Filter the data by using filter() or select() to pick out the columns, rows, or specific qualifications you’re looking for. Let’s say we want to look at beak length between males and females. We can create a filtered dataset using a method in R called ‘pipelining’, which basically tells R, go to the next line and run that line of code.

female_data <- morphology_data %>%
  select(sex, beak) %>%
  filter(sex == "F", beak != "NA")

f_mean <- mean(female_data[["beak"]])
f_sd <- sd(female_data[["beak"]])
f_max <- max(female_data[["beak"]])
f_min <- min(female_data[["beak"]])

# Get rid of rows with NA values

male_data <- morphology_data %>%
  select(sex, beak) %>%
  filter(sex == "M", beak != "NA")

m_mean <- mean(male_data[["beak"]])
m_sd <- sd(male_data[["beak"]])
m_max <- max(male_data[["beak"]])
m_min <- min(male_data[["beak"]])

# Let's make a dataframe from scratch summarizing the statistics.

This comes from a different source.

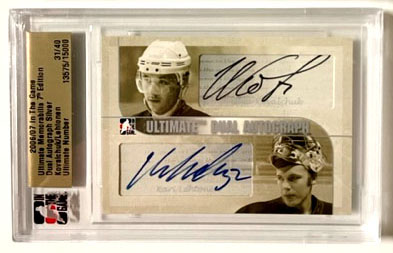 2006-07 ITG Ultimate Memorabilia DUAL AUTOGRAPH Silver Ilya Kovalchuk-Kari Lehtonen (G) Thrashers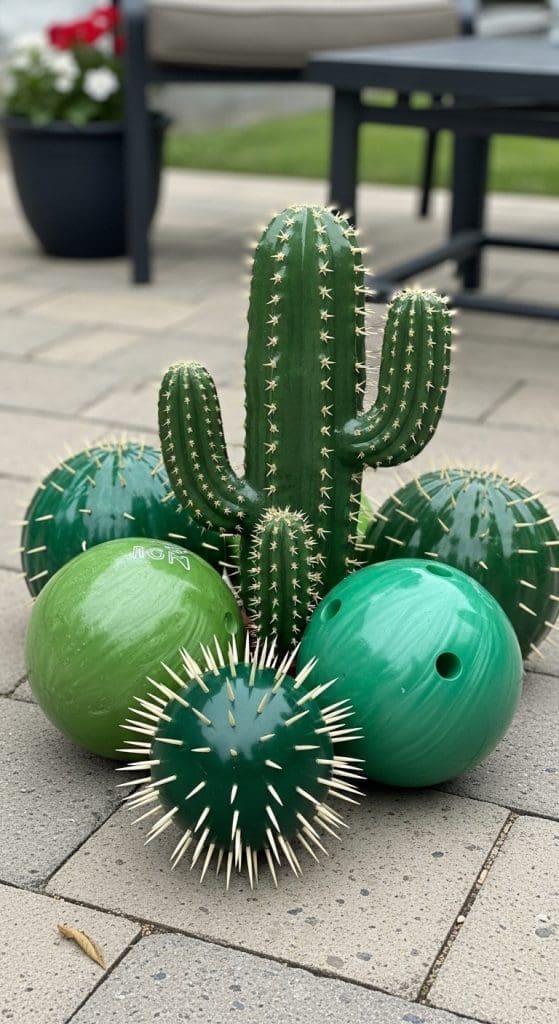 cactus painted like bowling balls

summary_table <- matrix(byrow=TRUE, c(f_mean, f_sd, f_max, f_min,
                                      m_mean, m_sd, m_max, m_min), nrow=2,
                                dimnames = list(c("female", "male"),  
                        c("mean", "sd", "max", "min")))
kable(summary_table)
mean sd max min
female 7.641 0.9773 9.34 5.77
male 5.781 0.4585 6.91 4.69

Graphing the data.

To help visualize the data we can graph histograms - this will help us see the distribution. To do so just use hist(), boxplot(),

hist(female_data[["beak"]])

hist(male_data[["beak"]])

boxplot(female_data[["beak"]])

boxplot(male_data[["beak"]])